I am attempting to solve this by induction, yet I am stuck on the last part. Below is my attempted solution.
Show that $\frac{\left(2n\right)!}{2^{n}n!} \ge \frac{\left(2n\right)!}{\left(n+1\right)^{n}}, \forall n \in \mathbf{N} $.
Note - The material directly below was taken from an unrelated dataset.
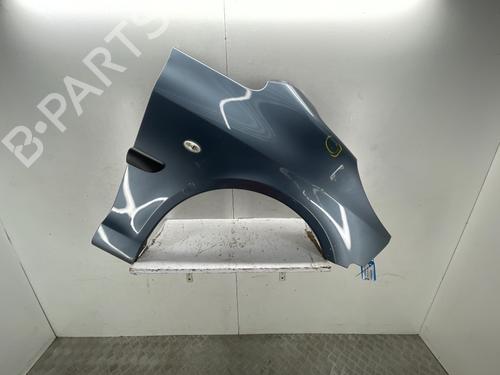 Used Right front fenders Right front fenders PEUGEOT 1007 (KM_) 1.4 HDi (68 hp) 40422769 40422769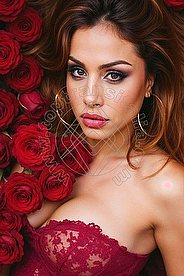 Foto di Alessia Transex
My attempted solution, by induction:
For $n=1$ we have,
$\frac{\left(2\right)!}{2^{1} \cdot 1!} \ge \frac{\left(2\right)!}{\left(1+1\right)^{1}} $
$2 \ge 1$.
Thus, the inequality holds for $n=1$.
Now assume that it holds $\forall k \in \mathbf{N}$.
Then, for $k+1$,
$\left(k+1\right) \frac{\left(2k\right)!}{2^{k}k!} \ge \frac{\left(2k\right)!}{\left(k+1\right)^{k}} \left(k+1\right) $.
This is where I am stuck.
Best Answer
You want to prove $2^n n!\le (n+1)^n$. Use Strling formula or induction on $n$. Here is a proof using induction. When you pass from $n$ to $n+1$ the LHS gets multiplied by $ 2(n+1)$. If you multiply the RHS by this you get $2(n+1)^{n+1}$. This is smaller than $(n+2)^{n+1}$ for all $n>c$ for some relatively small $c$ (I think $c=1$ works already). Indeed dividing both sides by $(n+1)^{n+1}$ you get $(1+1/(n+1))^{n+1}\approx e>2$. Moreover it is bigger than $2$ for $n=1$ already and increases as $n$ gets bigger.